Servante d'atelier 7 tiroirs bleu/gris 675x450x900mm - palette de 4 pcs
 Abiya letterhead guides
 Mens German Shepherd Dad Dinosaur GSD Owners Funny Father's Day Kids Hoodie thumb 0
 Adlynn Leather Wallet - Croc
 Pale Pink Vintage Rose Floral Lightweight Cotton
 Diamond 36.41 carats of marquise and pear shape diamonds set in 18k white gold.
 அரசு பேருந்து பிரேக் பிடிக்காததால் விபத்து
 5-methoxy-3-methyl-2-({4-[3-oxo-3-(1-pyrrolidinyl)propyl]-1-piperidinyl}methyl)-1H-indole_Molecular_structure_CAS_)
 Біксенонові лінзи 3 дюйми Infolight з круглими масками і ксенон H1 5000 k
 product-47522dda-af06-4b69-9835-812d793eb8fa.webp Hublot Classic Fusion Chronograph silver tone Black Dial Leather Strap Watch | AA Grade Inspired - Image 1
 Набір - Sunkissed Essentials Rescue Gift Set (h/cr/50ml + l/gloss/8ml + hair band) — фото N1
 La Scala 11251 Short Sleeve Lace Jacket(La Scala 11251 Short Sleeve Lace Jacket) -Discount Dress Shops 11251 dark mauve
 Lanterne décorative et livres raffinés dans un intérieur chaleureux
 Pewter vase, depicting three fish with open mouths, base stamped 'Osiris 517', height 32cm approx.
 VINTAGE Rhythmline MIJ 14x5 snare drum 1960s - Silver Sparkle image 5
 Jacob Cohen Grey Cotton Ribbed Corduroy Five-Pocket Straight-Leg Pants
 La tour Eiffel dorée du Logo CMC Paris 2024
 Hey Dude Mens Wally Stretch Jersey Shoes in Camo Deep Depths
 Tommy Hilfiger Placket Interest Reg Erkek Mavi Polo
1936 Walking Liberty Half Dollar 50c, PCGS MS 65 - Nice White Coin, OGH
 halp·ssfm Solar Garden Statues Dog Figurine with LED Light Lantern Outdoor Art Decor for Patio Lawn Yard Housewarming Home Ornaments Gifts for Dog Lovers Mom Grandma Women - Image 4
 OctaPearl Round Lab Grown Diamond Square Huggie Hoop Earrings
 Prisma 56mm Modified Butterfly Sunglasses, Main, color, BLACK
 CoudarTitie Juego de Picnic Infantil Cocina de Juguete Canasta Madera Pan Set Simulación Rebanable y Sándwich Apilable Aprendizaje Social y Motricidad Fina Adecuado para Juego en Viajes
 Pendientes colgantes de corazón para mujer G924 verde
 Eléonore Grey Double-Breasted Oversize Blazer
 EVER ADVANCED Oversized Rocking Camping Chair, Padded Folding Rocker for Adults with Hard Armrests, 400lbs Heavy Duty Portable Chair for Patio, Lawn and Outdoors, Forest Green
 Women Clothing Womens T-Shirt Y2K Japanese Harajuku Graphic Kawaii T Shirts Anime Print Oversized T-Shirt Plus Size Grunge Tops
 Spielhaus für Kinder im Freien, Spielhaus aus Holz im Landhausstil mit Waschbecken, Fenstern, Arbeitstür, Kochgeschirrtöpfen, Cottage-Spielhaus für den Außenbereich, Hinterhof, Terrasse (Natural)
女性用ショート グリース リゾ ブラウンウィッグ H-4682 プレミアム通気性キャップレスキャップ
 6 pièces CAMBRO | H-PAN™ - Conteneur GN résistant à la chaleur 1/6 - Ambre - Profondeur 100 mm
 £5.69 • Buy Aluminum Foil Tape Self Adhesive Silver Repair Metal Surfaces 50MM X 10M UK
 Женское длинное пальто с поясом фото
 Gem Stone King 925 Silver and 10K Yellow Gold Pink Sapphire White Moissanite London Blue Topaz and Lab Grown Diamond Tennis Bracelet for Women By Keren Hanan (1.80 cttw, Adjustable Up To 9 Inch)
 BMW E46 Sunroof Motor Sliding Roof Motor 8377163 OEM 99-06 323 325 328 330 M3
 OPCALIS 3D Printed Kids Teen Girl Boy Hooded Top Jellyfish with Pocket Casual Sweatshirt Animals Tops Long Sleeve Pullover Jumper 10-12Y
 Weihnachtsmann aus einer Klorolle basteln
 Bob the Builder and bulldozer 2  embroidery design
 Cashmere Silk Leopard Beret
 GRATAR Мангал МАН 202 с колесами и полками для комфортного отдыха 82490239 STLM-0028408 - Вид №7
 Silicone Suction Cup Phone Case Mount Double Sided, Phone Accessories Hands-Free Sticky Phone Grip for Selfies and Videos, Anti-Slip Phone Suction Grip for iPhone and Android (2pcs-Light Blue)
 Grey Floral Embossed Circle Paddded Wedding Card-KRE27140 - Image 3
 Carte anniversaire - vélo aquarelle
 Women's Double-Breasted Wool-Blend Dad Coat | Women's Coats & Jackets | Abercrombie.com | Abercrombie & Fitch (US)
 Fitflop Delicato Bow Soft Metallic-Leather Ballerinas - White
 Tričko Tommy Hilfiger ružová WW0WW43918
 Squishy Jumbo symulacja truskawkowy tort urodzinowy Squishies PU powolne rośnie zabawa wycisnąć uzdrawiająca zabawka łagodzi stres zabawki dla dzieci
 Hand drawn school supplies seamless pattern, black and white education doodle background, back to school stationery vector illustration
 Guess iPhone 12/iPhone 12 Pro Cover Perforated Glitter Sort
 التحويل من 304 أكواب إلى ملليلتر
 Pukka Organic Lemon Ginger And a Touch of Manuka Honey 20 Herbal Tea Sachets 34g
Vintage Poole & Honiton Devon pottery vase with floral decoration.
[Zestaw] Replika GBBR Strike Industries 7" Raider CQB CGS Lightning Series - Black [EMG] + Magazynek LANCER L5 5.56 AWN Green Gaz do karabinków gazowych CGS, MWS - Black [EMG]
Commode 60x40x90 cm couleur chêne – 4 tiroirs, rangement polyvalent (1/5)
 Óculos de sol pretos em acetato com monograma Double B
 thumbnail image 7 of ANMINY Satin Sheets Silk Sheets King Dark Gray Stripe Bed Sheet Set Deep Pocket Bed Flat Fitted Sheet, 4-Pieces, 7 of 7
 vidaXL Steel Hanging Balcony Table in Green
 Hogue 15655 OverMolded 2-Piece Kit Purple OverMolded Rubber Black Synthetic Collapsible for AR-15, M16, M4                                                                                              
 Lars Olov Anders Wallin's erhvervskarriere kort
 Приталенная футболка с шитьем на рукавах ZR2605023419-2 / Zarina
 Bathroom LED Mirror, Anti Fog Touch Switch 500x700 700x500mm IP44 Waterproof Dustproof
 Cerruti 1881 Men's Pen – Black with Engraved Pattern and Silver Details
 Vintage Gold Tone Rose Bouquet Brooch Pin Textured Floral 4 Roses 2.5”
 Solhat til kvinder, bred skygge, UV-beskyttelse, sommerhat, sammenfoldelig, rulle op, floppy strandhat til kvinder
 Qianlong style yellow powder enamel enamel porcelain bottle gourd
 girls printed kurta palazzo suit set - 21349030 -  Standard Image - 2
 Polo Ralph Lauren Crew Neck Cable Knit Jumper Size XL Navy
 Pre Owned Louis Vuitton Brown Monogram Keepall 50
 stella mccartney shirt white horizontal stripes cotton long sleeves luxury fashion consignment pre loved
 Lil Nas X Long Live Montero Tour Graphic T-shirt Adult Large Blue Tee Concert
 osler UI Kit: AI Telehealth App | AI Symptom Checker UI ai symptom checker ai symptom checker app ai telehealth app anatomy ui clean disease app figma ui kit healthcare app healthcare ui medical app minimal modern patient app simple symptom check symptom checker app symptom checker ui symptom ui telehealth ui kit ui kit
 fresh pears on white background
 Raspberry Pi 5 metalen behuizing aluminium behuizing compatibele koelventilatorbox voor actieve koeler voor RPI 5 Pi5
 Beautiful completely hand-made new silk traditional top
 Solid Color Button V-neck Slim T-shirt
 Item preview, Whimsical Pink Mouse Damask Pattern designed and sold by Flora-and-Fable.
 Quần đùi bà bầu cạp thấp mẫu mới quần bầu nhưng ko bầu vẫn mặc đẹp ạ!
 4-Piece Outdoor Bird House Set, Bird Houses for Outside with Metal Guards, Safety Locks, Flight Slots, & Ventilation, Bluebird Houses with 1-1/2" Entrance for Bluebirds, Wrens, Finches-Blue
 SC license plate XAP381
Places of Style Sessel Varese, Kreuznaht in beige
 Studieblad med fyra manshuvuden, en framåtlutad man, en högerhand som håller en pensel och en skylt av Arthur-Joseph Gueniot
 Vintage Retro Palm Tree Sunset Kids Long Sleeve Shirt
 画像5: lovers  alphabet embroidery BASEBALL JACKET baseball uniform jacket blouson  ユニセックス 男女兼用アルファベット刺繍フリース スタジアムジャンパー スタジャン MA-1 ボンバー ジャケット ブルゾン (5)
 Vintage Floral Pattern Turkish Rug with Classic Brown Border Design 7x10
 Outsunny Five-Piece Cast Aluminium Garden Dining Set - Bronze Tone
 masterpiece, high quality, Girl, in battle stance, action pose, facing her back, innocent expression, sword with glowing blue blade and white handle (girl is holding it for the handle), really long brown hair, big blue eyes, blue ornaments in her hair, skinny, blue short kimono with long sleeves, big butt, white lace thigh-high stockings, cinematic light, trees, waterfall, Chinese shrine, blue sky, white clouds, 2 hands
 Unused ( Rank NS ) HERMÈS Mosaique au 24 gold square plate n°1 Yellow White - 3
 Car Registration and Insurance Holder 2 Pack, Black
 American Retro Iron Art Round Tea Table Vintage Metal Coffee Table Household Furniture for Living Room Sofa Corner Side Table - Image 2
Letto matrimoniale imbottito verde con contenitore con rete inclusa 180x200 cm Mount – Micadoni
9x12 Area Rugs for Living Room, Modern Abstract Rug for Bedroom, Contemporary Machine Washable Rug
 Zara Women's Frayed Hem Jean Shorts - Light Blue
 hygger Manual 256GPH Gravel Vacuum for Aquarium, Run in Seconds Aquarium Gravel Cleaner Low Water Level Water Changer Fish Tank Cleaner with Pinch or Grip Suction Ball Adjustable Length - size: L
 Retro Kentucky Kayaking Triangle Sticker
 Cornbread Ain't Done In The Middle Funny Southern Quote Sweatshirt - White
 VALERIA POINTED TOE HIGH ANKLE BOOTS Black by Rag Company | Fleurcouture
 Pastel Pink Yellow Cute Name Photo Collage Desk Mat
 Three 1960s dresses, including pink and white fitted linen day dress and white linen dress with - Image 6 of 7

━━━━━━━━━━

* [Work item]:
Throughout the data above, report every line that contains the string "Sweatshirt".

* [Reply]:
 OPCALIS 3D Printed Kids Teen Girl Boy Hooded Top Jellyfish with Pocket Casual Sweatshirt Animals Tops Long Sleeve Pullover Jumper 10-12Y
 Cornbread Ain't Done In The Middle Funny Southern Quote Sweatshirt - White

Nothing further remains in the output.